Cheap first step (no native): ship the curated bundled icon set + source→icon map; use glyph only as last resort. The OS-extraction half is an overlay enhancement on top.

Local vision β€” the private, free path for continuous perception

What: Run Puck's eyes on-device instead of (or alongside) Modal, so real-screen perception is private and continuous vision costs ~nothing. Brain seam already supports it: point PUCK_VISION_URL at a local OpenAI-compatible server.

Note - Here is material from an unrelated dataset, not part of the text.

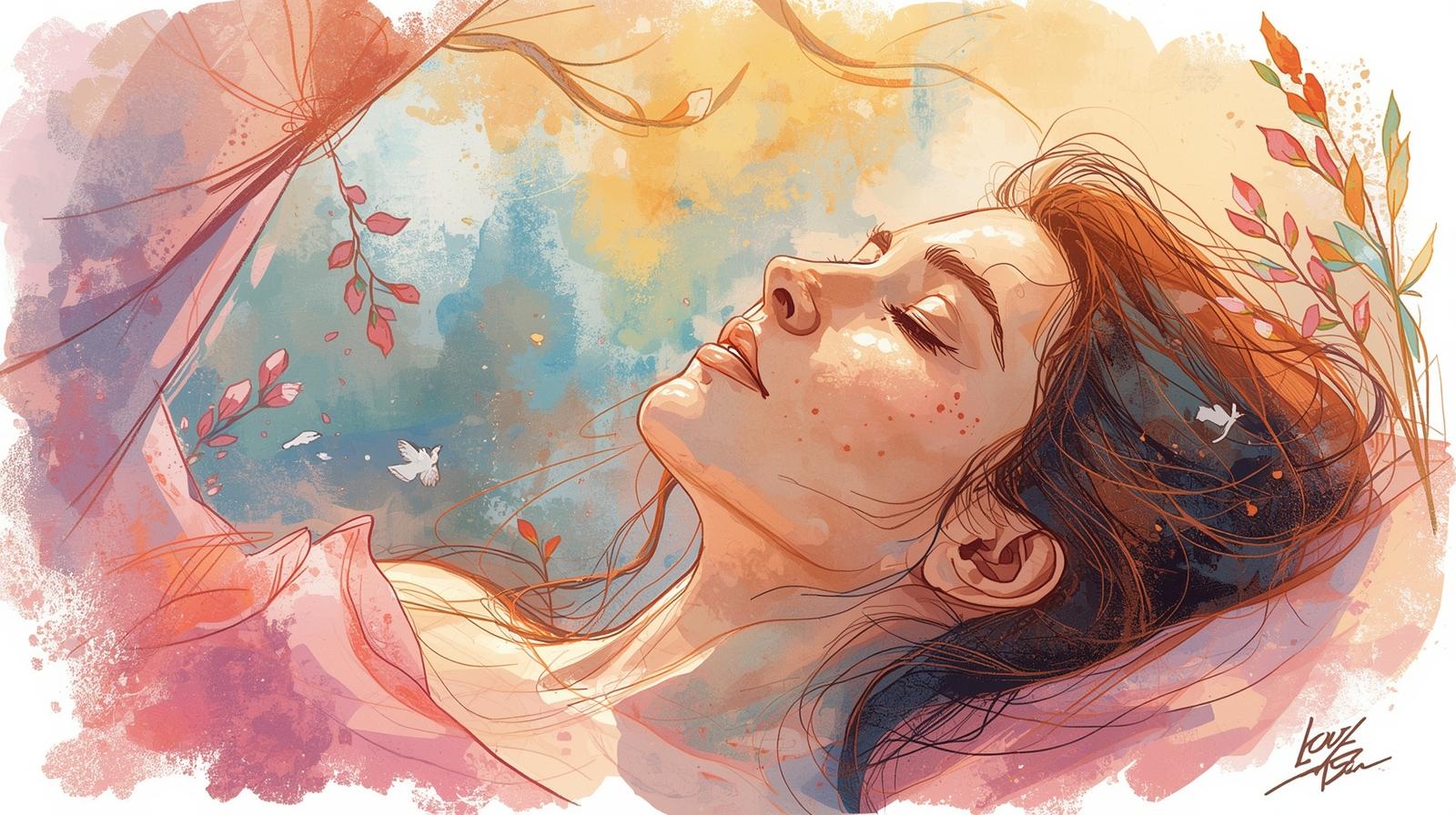 Woman resting peacefully with eyes closed in soft pastel colors, symbolizing situationship fatigue detox and opening to gentle, healthy love.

Capability is NOT the blocker (verified 2026-06-07): screen-reading is OCR + light "what's notable" reasoning β€” small VLMs excel at it. Options:

  • Holotron-12B local via llama.cpp + mmproj β€” llama.cpp merged Nemotron-Nano-12B-v2-VL (PR #19547). convert_hf_to_gguf.py --mmproj β†’ vision projector β†’ llama-server. Same model as cloud, same capability, ~24GB on the 48GB Mac, free. NB: Ollama can't load the mmproj β€” must use raw llama-server. Keeps the Nemotron Quest tie.
  • Qwen2.5-VL-7B local β€” ~6GB, 95.7 DocVQA, fast; ideal for continuous ambient (every 45s forever on the M4 Max). Loses the Nemotron tie, plenty for screen-reading.
  • MiniCPM-V 2.6 (~5.5GB), Moondream2 (1.9B, CPU) as even-lighter fallbacks.

Recommendation: Holotron for the showcase + Quest (cloud now β†’ local llama-server later as the private path); Qwen2.5-VL-7B-local as the cheap continuous engine. The visionMode "Continuous" tier (built, currently same cloud path) should switch to a local PUCK_VISION_URL when this lands.

Where it slots in: zero engine/frontend change β€” it's a runtime: spin up llama-server --mmproj (or vLLM/mlx when fixed) and set PUCK_VISION_URL. Plus the real-screen capture (ScreenCaptureKit, overlay) to feed it actual pixels instead of the sim snapshot.